Resolução que criava curso teórico para renovação de CNH será revogada

Por Mariana Czerwonka.

Resolução revogada
A determinação partiu do Ministro das Cidades, Alexandre Baldy. Foto: Reprodução Facebook

O Ministério das Cidades acaba de divulgar nota de esclarecimento informando aos cidadãos que vai revogar na íntegra a Res.726/18 que substituiria a Resolução 168/04 do CONTRAN. A nova norma foi publicada no dia 08/03, no Diário Oficial da União, e tratava do processo de formação e especialização de condutores no Brasil.

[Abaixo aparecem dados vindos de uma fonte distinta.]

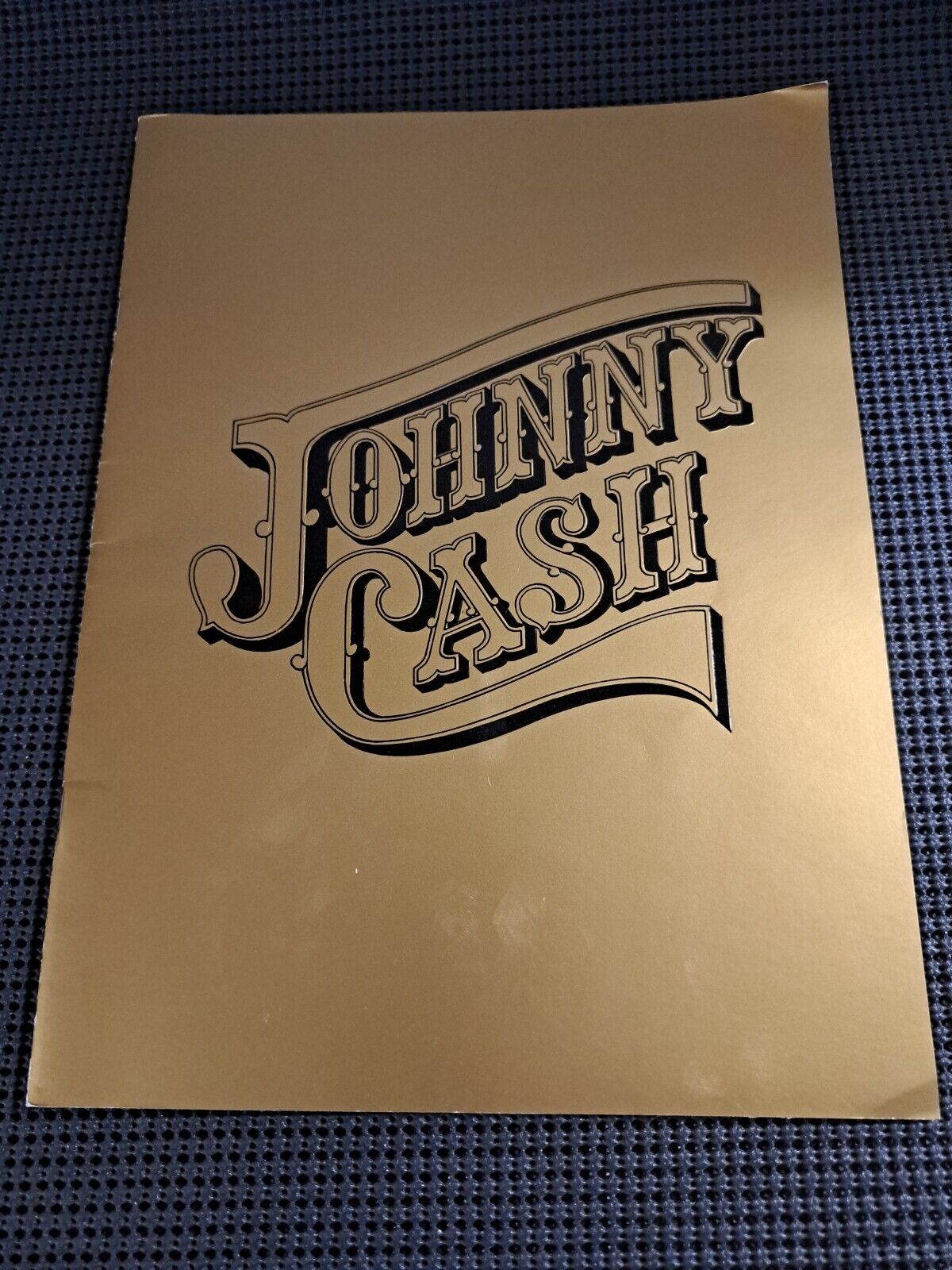 Johnny Cash Photos Lyrics Booklet Concerts Zondervan & Fan Club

Segundo o Denatran, a Resolução deverá passar por novos estudos.

Nota de esclarecimento:

Ministério das Cidades revoga resolução que altera procedimentos para Renovação da CNH

Por determinação do ministro das Cidades, Alexandre Baldy, o diretor do Departamento Nacional de Trânsito (Denatran) e presidente do Conselho Nacional de Trânsito (Contran), Maurício Alves, revoga a resolução 726/2018 que torna obrigatória a realização e aprovação em Curso de Aperfeiçoamento para renovação da Carteira Nacional de Habilitação.

A diretriz da atual gestão da Pasta tem por objetivo implementar ações e legislações que atendam às expectativas da população, no sentido de simplificar a rotina e levar conforto e praticidade a seu dia a dia. Esta ação acontece em conformidade com os objetivos do Governo Federal, de reduzir custos e facilitar a vida do brasileiro.

Esclarecemos que a medida é tomada com todo respeito ao trabalho da Câmara Temática de Educação, Habilitação e Formação de Condutores, ao trabalho realizado pelo Contran e todos os profissionais envolvidos. Neste sentido, informa-se que os técnicos do Denatran, do Ministério das Cidades, seguirão na busca de alcançar o objetivo de promover a cada vez mais a segurança dos usuários de trânsito, mas sempre com absoluto foco na simplificação da vida dos brasileiros e na constante busca pela redução de custos de forma a não afetar a rotina dos condutores que precisam renovar suas carteiras de habilitação/CNHs por todo o Brasil.